2012-02-17 Thread Mikhail T.

On 17.02.2012 17:05, Zhihao Yuan wrote:

On Fri, Feb 17, 2012 at 2:57 PM, Mikhail T.mi+t...@aldan.algebra.com  wrote:

On 17.02.2012 14:24, Zhihao Yuan wrote:

I regard this as a wrong practice. Here is why:

1. The way you specify the version in LIB_DEPENDS has NO relation with
how the port link to the lib. The port can link to the major version
(pkg-config), or the .so, etc.

I'm sorry, I can not parse the above part. Perhaps, a live example is in
order.

LIB_DEPENDS= png.6: or =png: does not affect how the lib got linked.
It always links to the latest libpng the time you compile the port.
Yes, this is correct.

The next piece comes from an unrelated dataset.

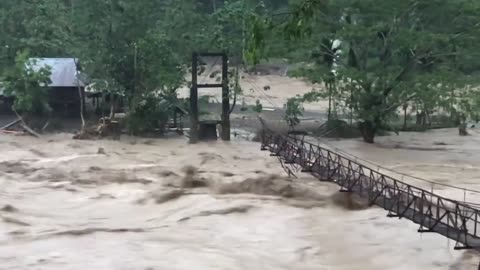 PANOORIN | Lumubog sa baha ang dalawang classroom ng Lubo Elementary School sa Tanudan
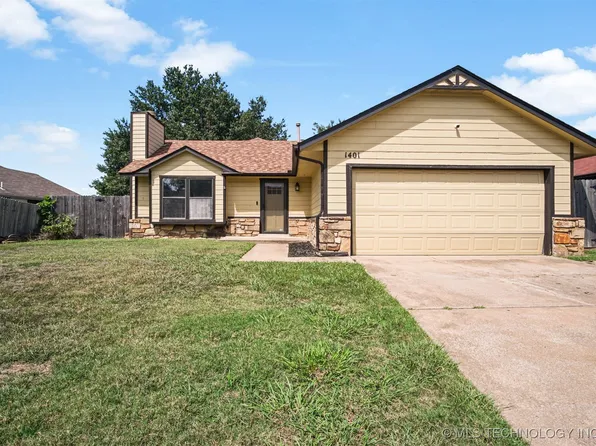 1401 E 138th Pl, Glenpool, OK 74033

But irrelevant, really -- this will remain true, whether 
or not LIB_DEPENDS lines contain explicit library numbers.



2. One responsibility of the ports system is to protect the user from
suffering from running a software which links to a ABI incompatible,
hence, wrong shared library.

This is a made-up non-reason, sorry. The only way to get into an ABI
incompatibility is to have -- at the time of the port building --
header-files declarations from one version of a library and
implementation(s) from another. Avoiding such situations is out of the scope
of the ports-system and this discussion.

Again, try to come up with a real-life example of how my proposal would
break ABI for an actual user... You can not.

This only happens when a minor version of a library is not compatible
with another one. OK, that's out of the scope.


We have not used minor library versions since switch-over to ELF... I do not 
understand, what you are talking about.





3. Known to cause problem? Can I infer you can predict the future
from that?

Yes, you can. Well-knowing the past 15 or so years of the ports-system, I
can predict some aspects of the future. For example:

committers will continue to forget to update some of the umpteen instances
of LIB_DEPENDS=foo.X in various ports, when bumping up major version of foo.
committers will continue to mindlessly bump-up these umpteen instances --
without actually verifying, that the new version of foo is still acceptable
to all of those dependants.

My opinion is that, fails to build is not a big trouble, at least we
notified the through portsnap/pkg_version; The user surprisingly finds
that his software fails to run is a bigger trouble.
The existing practice does not protect against this bigger trouble either -- 
whenever port installing libfoo.so is updated, all of the ports LIB_DEPENDing on 
foo.X are matter-of-factly updated to LIB_DEPEND on foo.(X+1). At best, these  
updates are verified to continue to /build/ -- but they are never verified to 
continue to /work/ -- although they usually do work, of course.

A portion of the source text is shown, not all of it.